# Anybody making an Armature for the TOS 1701 1/350th yet?



## Chuck_P.R. (Jun 8, 2003)

Anybody making an Armature for the TOS 1701 1/350th yet?

Hans Erickson made won for the 1701-A kits.

Anybody making one for the Round2 TOS 1/350th Enterprise?


----------



## jgoldsack (Apr 26, 2004)

http://www.hobbytalk.com/bbs1/showthread.php?t=399939

He is also making one for the TOS 1/350.


----------



## ClubTepes (Jul 31, 2002)

Chuck_P.R. said:


> Anybody making an Armature for the TOS 1701 1/350th yet?
> 
> Hans Erickson made won for the 1701-A kits.
> 
> Anybody making one for the Round2 TOS 1/350th Enterprise?


Why, does it need one?

Before you go out and spend money on an armature, make sure that you need one before you spend the money on something you may not help you out.

Ask the guys who built one if they feel it needs one.
You may do more damage to your model by altering it.

The nacelle struts on the 1/350 TOS have a pretty robust pattern in there, that if glued properly, eliminates any sag or twist.

If you have to remove any of that pattern to use the armature, you may be doing more harm than good.
And its a pretty expensive model to experiment with.


----------



## RossW (Jan 12, 2000)

This is the most solid styrene kit I've ever worked on. It's so well engineered that I have no concerns about sagging or support issues.


----------



## jgoldsack (Apr 26, 2004)

ClubTepes said:


> Why, does it need one?
> 
> Before you go out and spend money on an armature, make sure that you need one before you spend the money on something you may not help you out.
> 
> ...


The only reason I would use one is side mount the model.


----------



## irishtrek (Sep 17, 2005)

The pieces for this kit are pretty dang solid when put together, even a dry test fitting. In fact I've had to trim down the nacelle struts that slide into the secondary hull because it was too tight of a fit!!! And I've also had to do it on the other end of the pylons as well!!
And I don't recall about the neck though.


----------



## John P (Sep 1, 1999)

It doesn't need one, really.


----------



## seaview62 (Nov 30, 2012)

The dorsal and struts are really tight and solid, don't think you'd need one as well.:thumbsup:


----------



## Trekkriffic (Mar 20, 2007)

jgoldsack said:


> The only reason I would use one is side mount the model.


I concur.


----------



## modelmaker 2001 (Sep 6, 2007)

My model has held together even with just rubber bands and some parts didn't really even need the rubber bands. It's a very solid, tight fitting kit and I can't see that an armature would be anything other than a waste of money, more work, and possibly damaging the kit's structural integrity.


----------



## PixelMagic (Aug 25, 2004)

modelmaker 2001 said:


> My model has held together even with just rubber bands and some parts didn't really even need the rubber bands. It's a very solid, tight fitting kit and I can't see that an armature would be anything other than a waste of money, more work, and possibly damaging the kit's structural integrity.
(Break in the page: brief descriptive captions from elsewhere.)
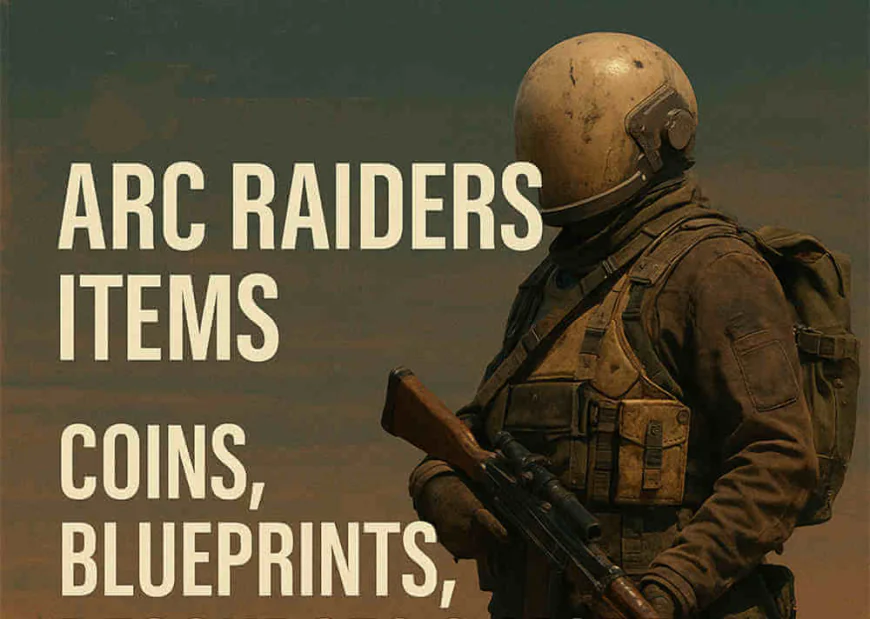 Get Reliable Arc Raiders Blueprints Instantly Using Mmogah Services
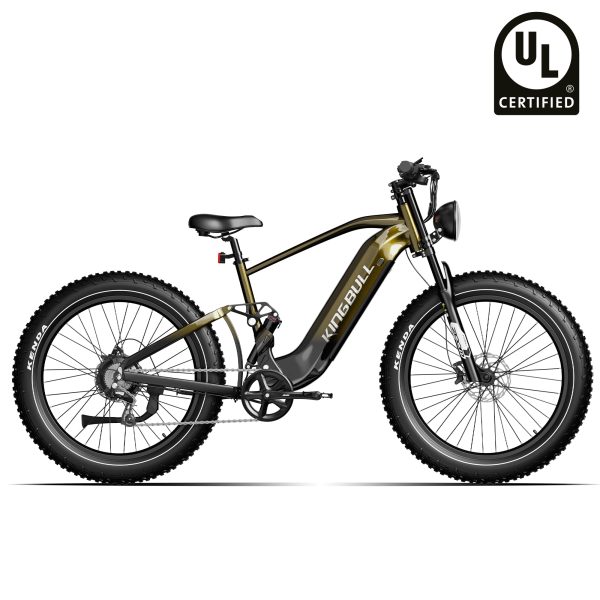 EX Titan | Premium Full Suspension Electric Mountain Bike at Kingbull Electric Bikes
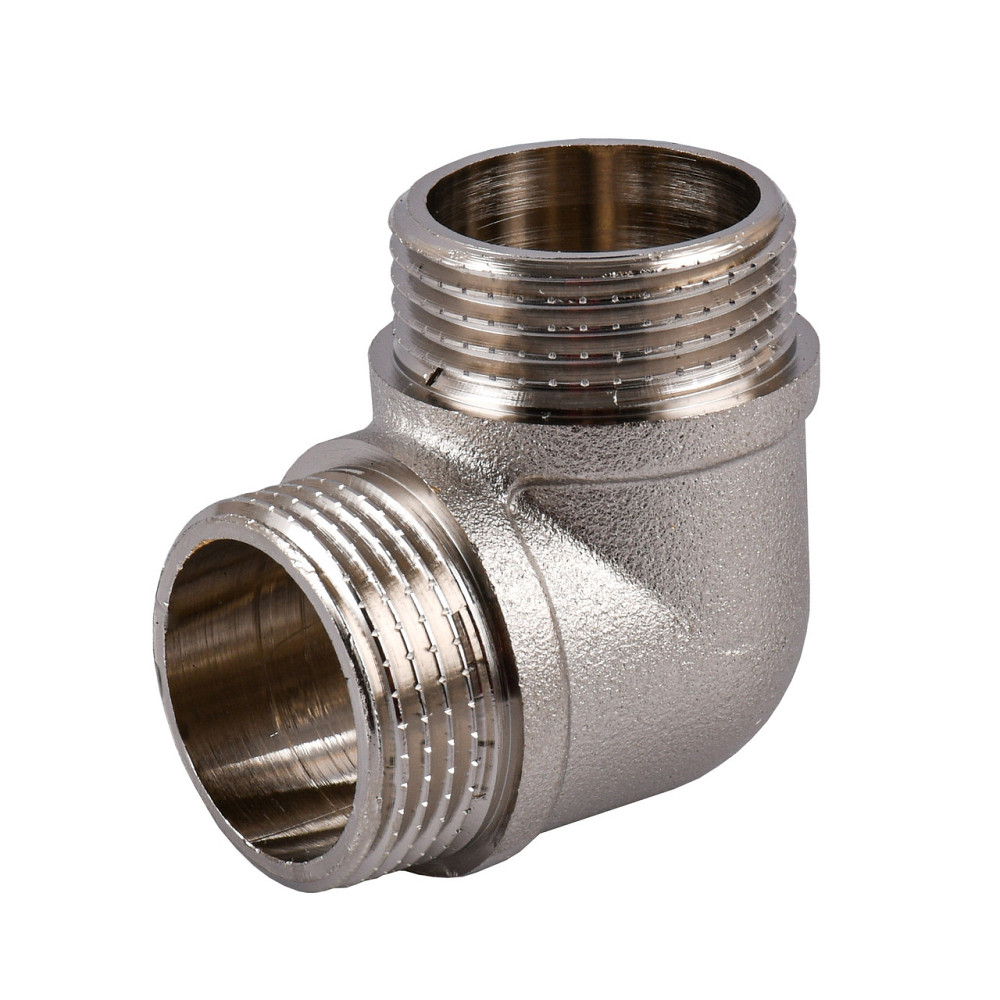 Угольник 1″НН никелированный NL552S OPTIMUM (000031486) Киев - изображение 1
What if you needed to ship it? Would an armature help then? How do people ship model commissions that they sell?


----------



## jgoldsack (Apr 26, 2004)

PixelMagic said:


> What if you needed to ship it? Would an armature help then? How do people ship model commissions that they sell?
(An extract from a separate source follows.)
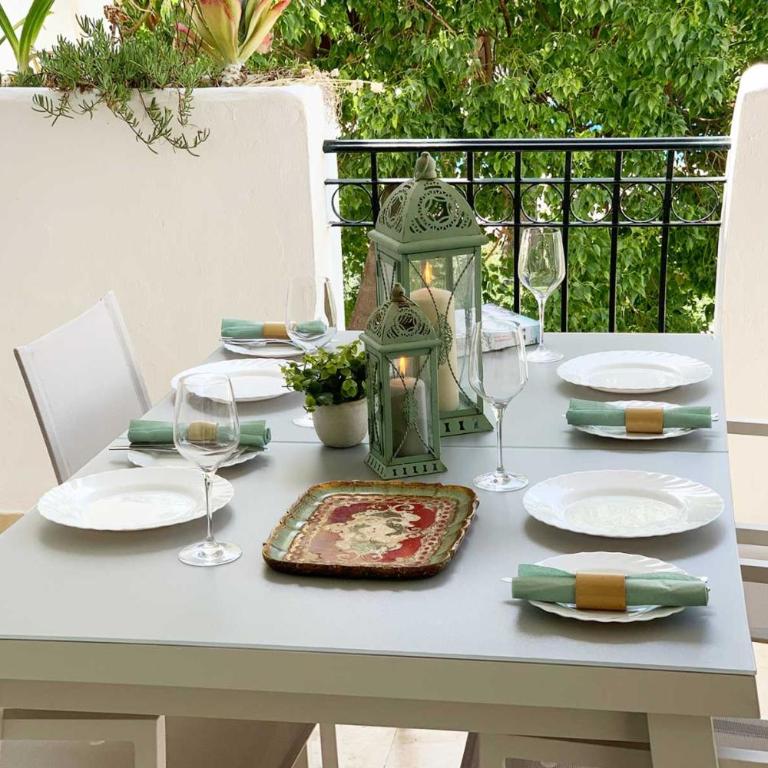Hacienda Beach - Apartamento con vistas al jardín - 7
Nothing that a custom made shipping package can't handle...


----------



## Proper2 (Dec 8, 2010)

The thing that could potentially be of concern is sag over time. Not sure how a unfortified styrene structure, no matter how solid-appearing at present, would fare over time without structural support. The 11-foot studio model suffered some noticeable nacelle sag over a couple of years. I'll see if I can find that website that shows a comparison of the early version vs. the production version and one can see the nacelles already starting to sag toward the back. Clearly the design of the Enterprise wasn't meant for earth gravity, and the larger the replica the greater the potential for problems. Just my 2 pennies.


----------



## irishtrek (Sep 17, 2005)

A 134 inch long model which weighs about 200 pounds if not more versus a 32 inch long model made of light weight polystyrene and weighs ales than 5 pounds. Gee I doubt the nacelles on the 32 inch model are going to sag after only 2 years.


----------



## Proper2 (Dec 8, 2010)

irishtrek said:


> A 134 inch long model which weighs about 200 pounds if not more versus a 32 inch long model made of light weight polystyrene and weighs ales than 5 pounds. Gee I doubt the nacelles on the 32 inch model are going to sag after only 2 years.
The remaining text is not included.